- Problem description:
Without the pictures, set down exactly the lines from the one that contains "X0000099500003200805151443" to the end of the entries, both included, and nothing besides.

[Short text fragments from websites]

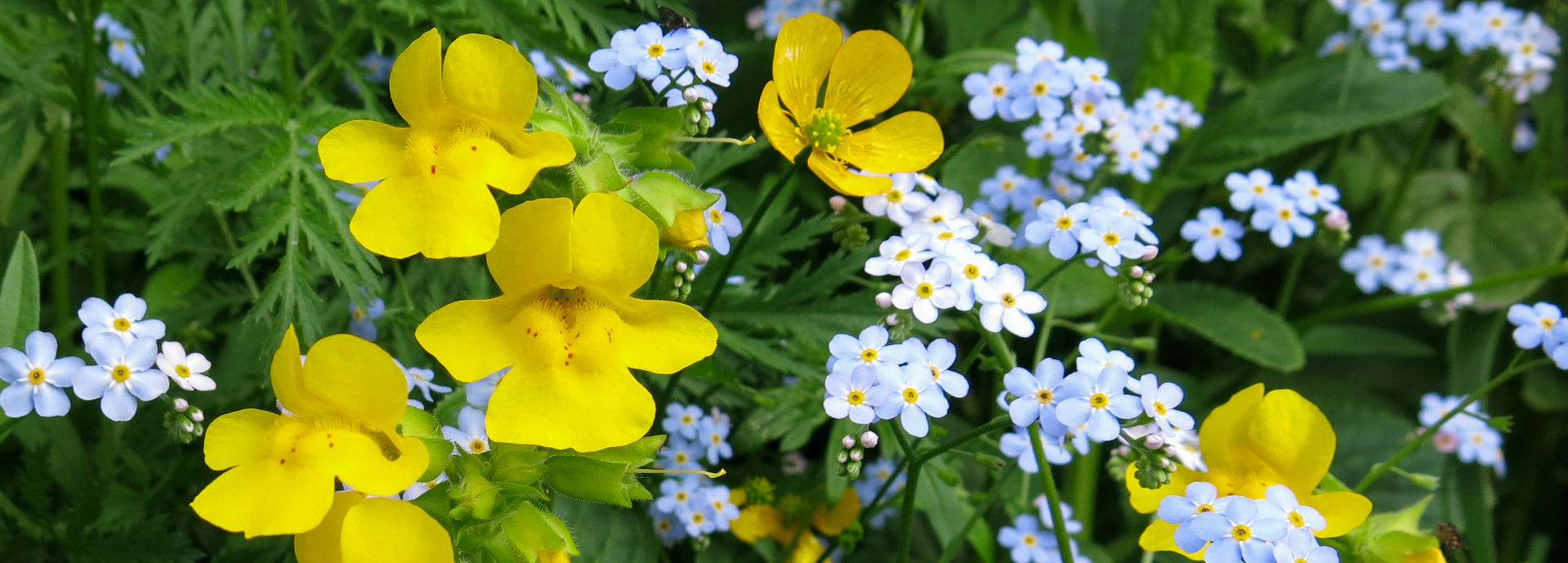 Monkeyflower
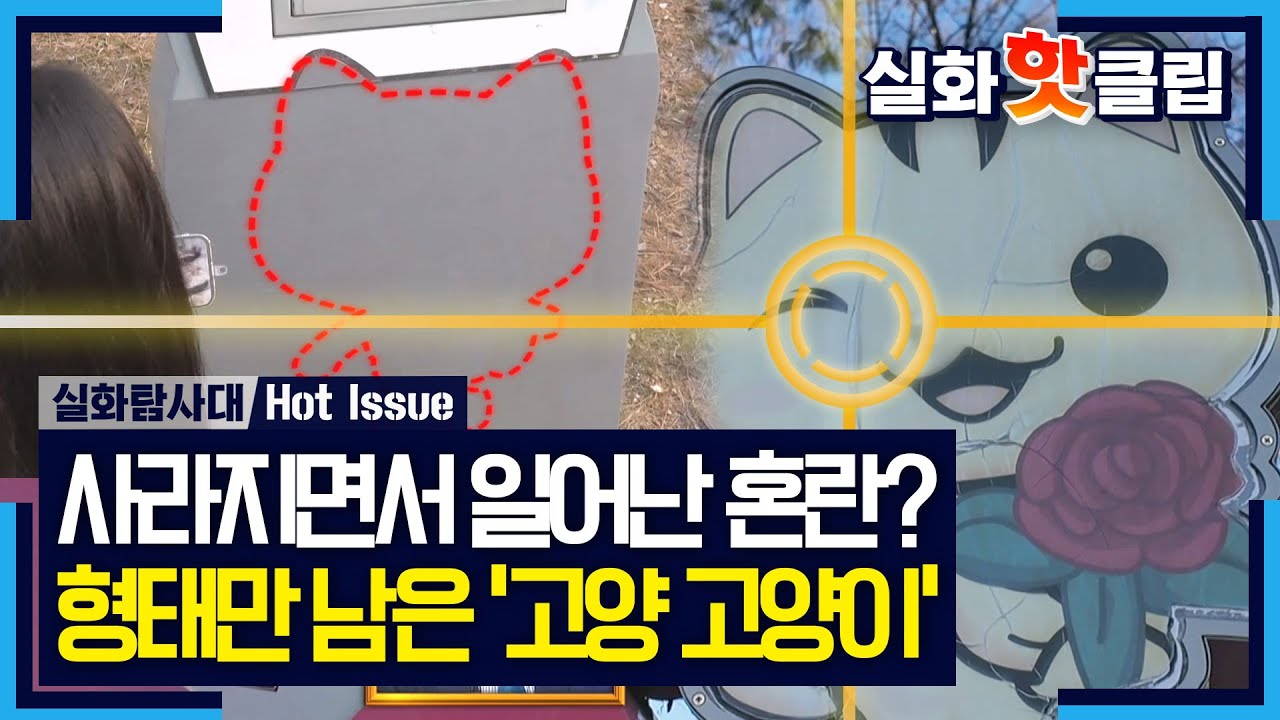 [실화탐사대] 사라지면서 일어난 혼란? 형태만 남은 '고양 고양이', MBC 260129 방송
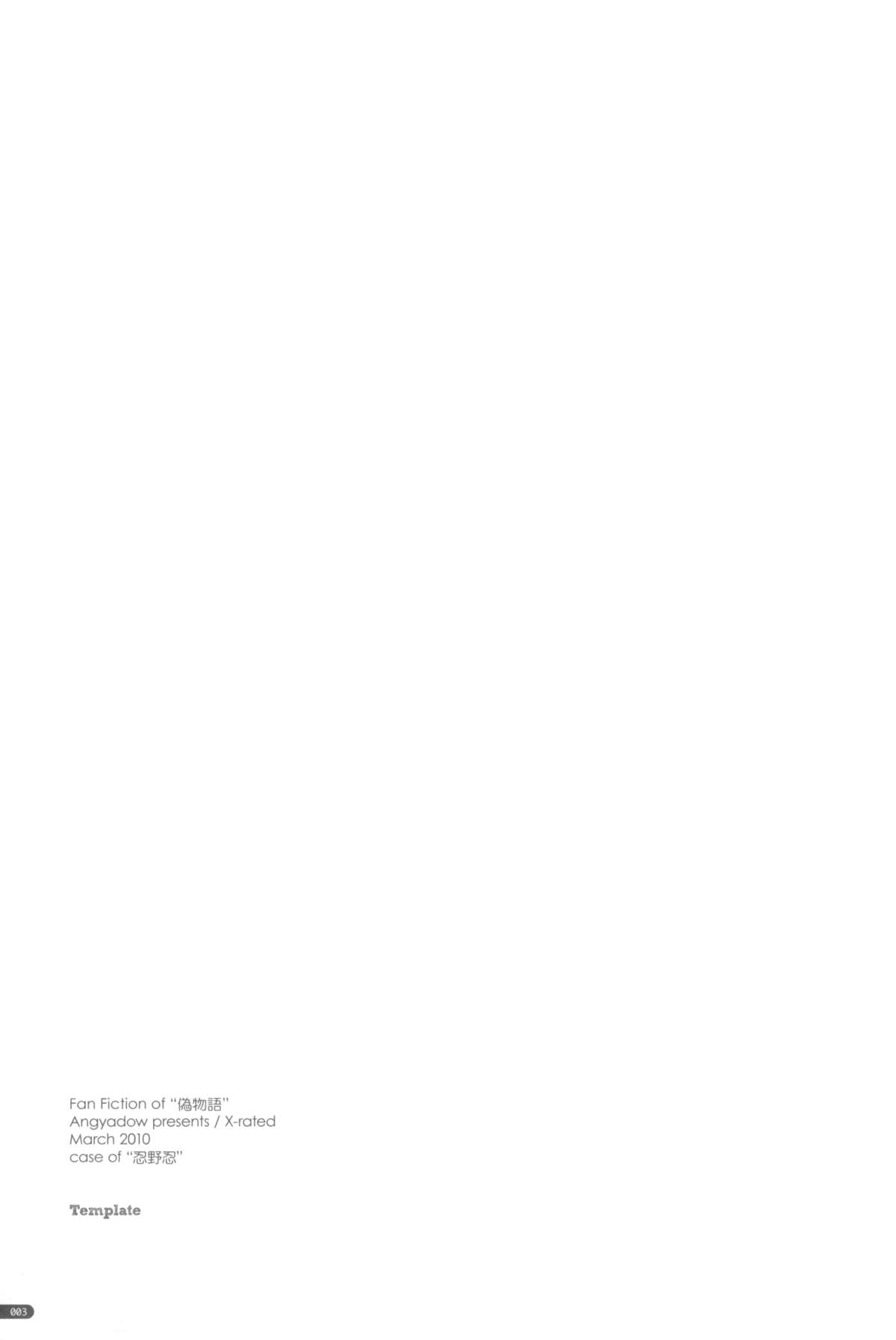 Template page 3 full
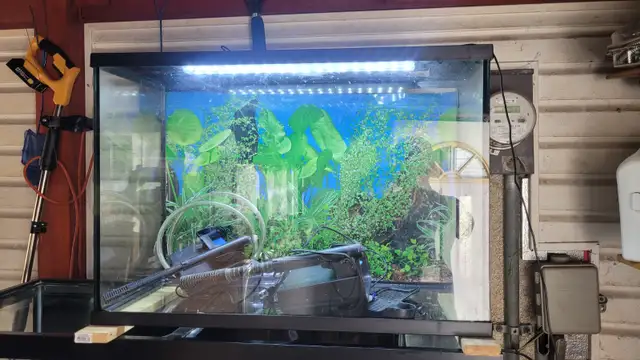 Fish tank 30 gallon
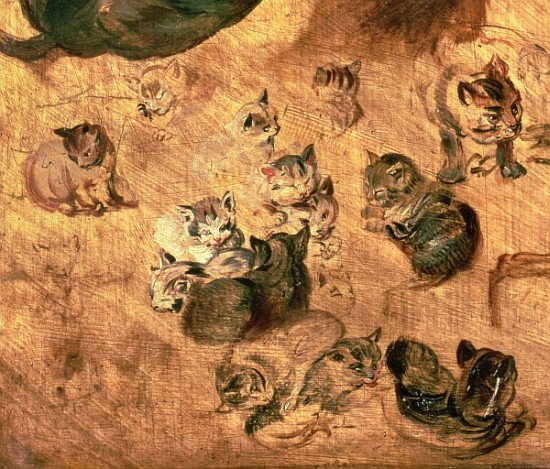 Study of cats, 1616 (detail of 65879) od Jan Brueghel d. Ä.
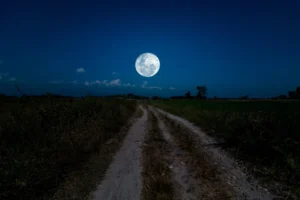 Illusztráció / Fotó: Shutterstock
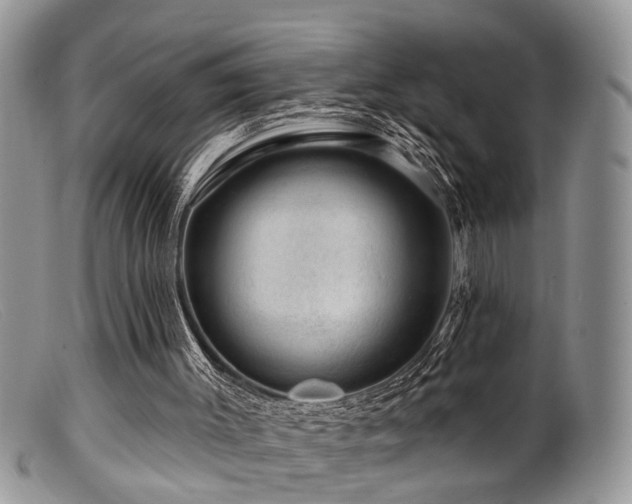 X0000099500003200805151443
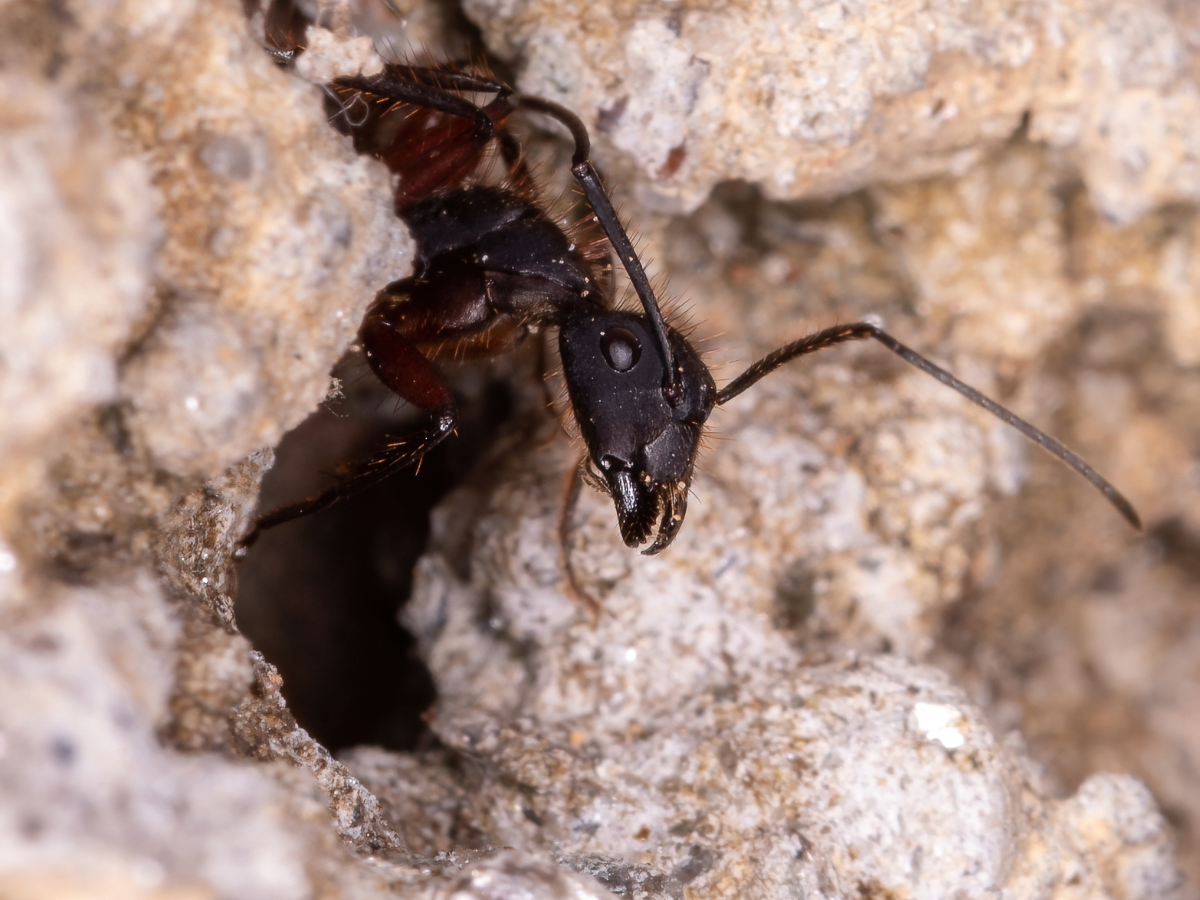 Carpenter ant crawling out of it's nest.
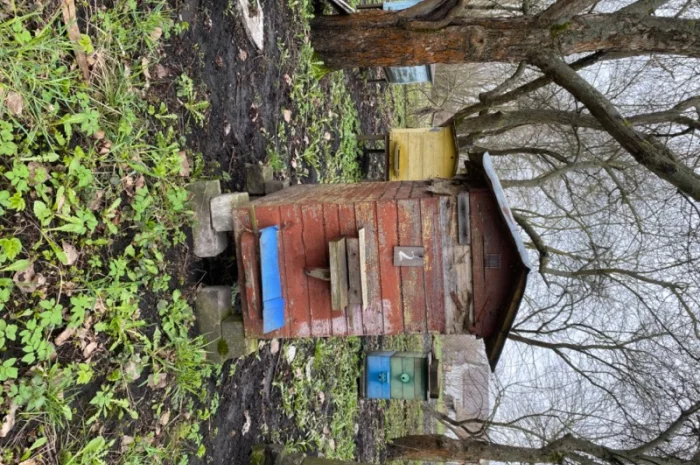 Продам бджолосім’ї різних рамок- фото № 3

- Response to the exercise:
 X0000099500003200805151443
 Carpenter ant crawling out of it's nest.
 Продам бджолосім’ї різних рамок- фото № 3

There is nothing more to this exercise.